Mix and enjoy! Have this healthy snack whenever hunger strikes.
Here's the recipe card:
Air fryer chickpeas
- 15 oz. chickpeas or garbanzo beans can or use dry chickpeas see Notes
- 1 tsp. extra virgin olive oil or vegetable oil
Seasoning - Lemon chilli
- 1 tsp. chilli powder or cayenne
- 1 tsp. lemon salt
- Drain canned chickpeas and keep aside. If using dry chickpeas, see notes.
- Preheat Air fryer to 200 C or 390 F for 5 minutes.
- Spread the drained chickpeas. No need to dry them as that happens in the air fryer basket . Air fry for 6 minutes. This helps in drying them out well.
- Now brush 1 tsp. oil on the chickpeas so they are coated well and put them back in the air fryer basket for 8 minutes. Keep shaking the basket once in the middle.

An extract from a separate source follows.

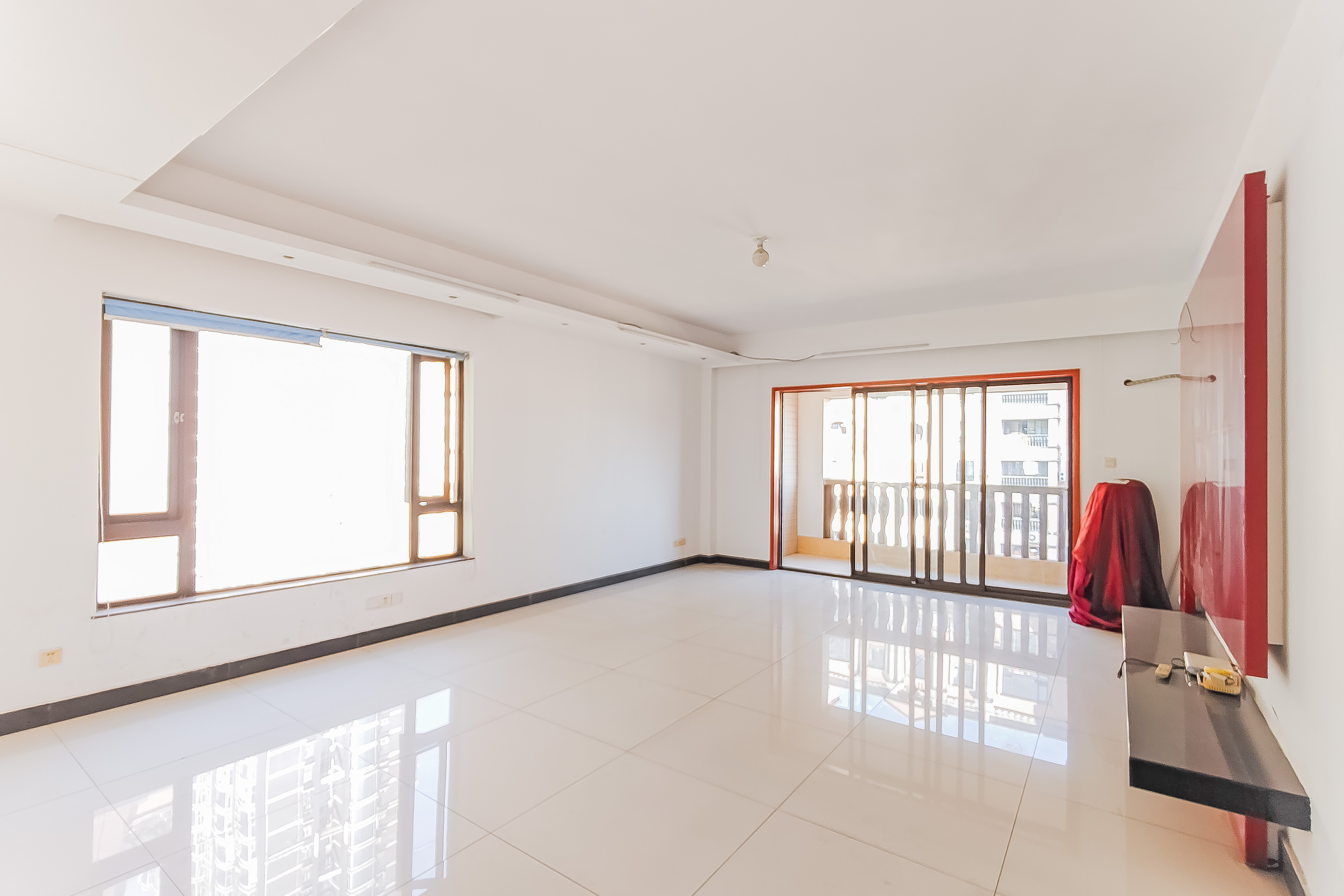 巴黎香榭 4室2厅2卫 150.0万 巴黎香榭 4室2厅2卫 150.0万客厅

- Meanwhile, prepare the seasoning. For lemon chilli seasoning, I used 1 tsp. cayenne and 1 tsp. lemon salt. See Notes for more seasoning ideas.
- Now add half the prepared seasoning and spread on the air fried chickpeas.
- Air fry again for 1-2 minutes till done. Your Air fryer chickpeas are ready. They are super crispy snack.
- Add the remaining spice mix that you have saved. Mix well and enjoy!
2. You can try different flavour combinations to mix things up a bit. I love the basic salt and pepper, chilli and lime, barbecue seasoning, Italian seasoning and peri peri seasoning. All work well.
3. I find that adding the seasoning right towards the end of the air frying time works better than adding the seasoning from the start. The spices don’t burn and taste best. I use half the seasoning just before the end and the remaining half after they are done.
4. Your air fryer works like a fantastic dehydrator and hence I have never needed to dry the lentils or chickpeas before putting them in Air frying. Just a simple draining works well. The same works for other lentils I mentioned.
5. Canned chickpeas are the fastest and most fuss-free way to make these. Use a 15 oz. can.
6. You can store them for a week in an airtight container.
7. I prefer extra virgin olive oil but any vegetable oil works. You can also avoid oil by brushing with aquafaba or chickpea water in place of oil.
8. You can use the same recipe to make air fryer lentils like chana dal (split gram), moong dal (split moong lentils without skin, sabut moong (whole moong beans), sabut matar (dry peas) etc. In their case, you can just soak them overnight, drain and follow the air frying instructions. No need to precook except dry white peas which are similar to chickpeas. Also the air frying time is between 6-10 minutes for them as they are smaller in size. Try these and you have a variety of munchies at hand.